Perdu dans ses réflexions, Monsieur Colignot ne vit pas tout de suite la jeune femme qui avançait dans sa direction, parlant seule semblait-il, la main collée à l’oreille. C’est lorsqu’elle le traversa sans heurt qu’il prit conscience de son immatérialité ainsi que de la jeune personne. Prêt à présenter ses excuses pour ne pas s’être écarté, Monsieur Colignot se retrouva sans voix, la bouche béante et les yeux ne pouvant se détacher de la silhouette gracile. Une fois n’est pas coutume, il lâcha un juron tandis que son regard détaillait la jouvencelle à la tenue scandaleuse. Ce n’était pas tellement le fait que l’on pouvait voir ses chevilles, ni même qu’elle ait les cheveux détachés. Ce n’était pas non plus l’absence manifeste de corset ou de chapeau. De manteau ou de robe. Non, cette… Succube démoniaque offrait à la vue de tous ses cuisses moulées dans un tissu trop court. Les bras nus, la gorge offerte ; cette femme ne semblait en rien ressentir une quelconque pudeur ou honte devant l’étalage indécent de sa chair. Les plus libidineuses des filles de joie, à son époque, auraient elles-mêmes été choquées d’une si incomplète toilette. Pis encore : personne ne dévisageait autant la jeune femme que le revenant.

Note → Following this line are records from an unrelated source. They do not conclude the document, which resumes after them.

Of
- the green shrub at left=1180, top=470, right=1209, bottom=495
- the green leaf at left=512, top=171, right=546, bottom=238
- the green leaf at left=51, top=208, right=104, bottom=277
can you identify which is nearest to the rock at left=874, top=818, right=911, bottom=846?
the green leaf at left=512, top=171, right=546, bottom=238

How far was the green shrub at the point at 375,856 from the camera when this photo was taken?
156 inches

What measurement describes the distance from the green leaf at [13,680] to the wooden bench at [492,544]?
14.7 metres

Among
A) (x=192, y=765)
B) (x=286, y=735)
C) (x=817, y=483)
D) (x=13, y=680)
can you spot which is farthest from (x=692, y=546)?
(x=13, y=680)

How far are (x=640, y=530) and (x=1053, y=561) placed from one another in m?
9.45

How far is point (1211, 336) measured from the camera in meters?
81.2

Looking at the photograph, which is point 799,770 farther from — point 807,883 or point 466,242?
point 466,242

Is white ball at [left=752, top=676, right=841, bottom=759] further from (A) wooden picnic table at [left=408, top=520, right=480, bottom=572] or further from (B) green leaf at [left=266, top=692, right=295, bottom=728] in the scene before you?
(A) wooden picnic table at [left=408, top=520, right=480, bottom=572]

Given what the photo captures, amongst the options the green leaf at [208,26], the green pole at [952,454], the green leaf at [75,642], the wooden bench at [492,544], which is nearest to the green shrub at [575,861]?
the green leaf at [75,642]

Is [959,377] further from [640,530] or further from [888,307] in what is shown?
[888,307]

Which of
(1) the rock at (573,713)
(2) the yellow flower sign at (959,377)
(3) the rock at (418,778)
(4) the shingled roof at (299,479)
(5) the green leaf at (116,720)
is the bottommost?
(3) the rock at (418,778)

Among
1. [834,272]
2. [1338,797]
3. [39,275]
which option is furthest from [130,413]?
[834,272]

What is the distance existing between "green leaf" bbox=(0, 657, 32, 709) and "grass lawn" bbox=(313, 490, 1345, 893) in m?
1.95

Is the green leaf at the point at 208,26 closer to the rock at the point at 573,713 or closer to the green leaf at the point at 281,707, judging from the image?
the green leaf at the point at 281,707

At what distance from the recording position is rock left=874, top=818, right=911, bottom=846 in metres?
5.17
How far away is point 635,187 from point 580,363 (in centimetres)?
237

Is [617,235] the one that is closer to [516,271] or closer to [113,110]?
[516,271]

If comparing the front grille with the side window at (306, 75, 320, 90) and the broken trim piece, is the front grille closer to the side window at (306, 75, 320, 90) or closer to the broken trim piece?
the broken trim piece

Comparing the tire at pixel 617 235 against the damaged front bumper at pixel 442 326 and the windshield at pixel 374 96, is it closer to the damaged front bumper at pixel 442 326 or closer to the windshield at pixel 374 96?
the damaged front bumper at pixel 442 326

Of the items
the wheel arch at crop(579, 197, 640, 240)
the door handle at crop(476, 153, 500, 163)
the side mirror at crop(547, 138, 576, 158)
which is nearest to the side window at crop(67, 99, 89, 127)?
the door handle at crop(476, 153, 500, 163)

Il avisa les autres passants, détaillants ces tenues excentriques, colorées et furieusement sans gêne. Non contents de ne porter aucun couvre-chef, les hommes n’avaient ni veston, ni culotte taillée convenablement. L’un avait même des sortes de blues jeans qui lui tombaient aux genoux, dans un effet radicalement affreux de sphincters hors de tout contrôle. Monsieur Colignot manqua même d’insulter copieusement une femme qui arpentait le trottoir d’en face, osant revêtir le pantalon tel un homme. Mais où diable était-il ? Quelle propagande socialiste radicale et libérale avait pu laisser se produire une telle déchéance des mœurs ? Heureusement pour lui, qui commençait à manquer de qualificatifs, il ne vit pas un groupe d’adolescentes aux coiffures improbables et au teint particulièrement fardé.
Malgré ce choc culturel intense, Monsieur Colignot se remit très vite de ses émotions. Tout gentilhomme qu’il était, il savait garder le contrôle de lui-même et prendre le recul nécessaire face aux situations les plus anormales. Il était un Colignot nom d’une pipe ! Pas un de ces Leduc ou Vincent se pâmant à gorge déployée devant le moindre évènement. Fort bien pour lui, Monsieur Colignot avait suffisamment d’orgueil et d’éducation pour se reprendre. Aussi, la surprise et la consternation ayants laissé place à son pragmatisme légendaire, Monsieur Colignot se mit en quête d’un journal afin de répondre à une question essentielle.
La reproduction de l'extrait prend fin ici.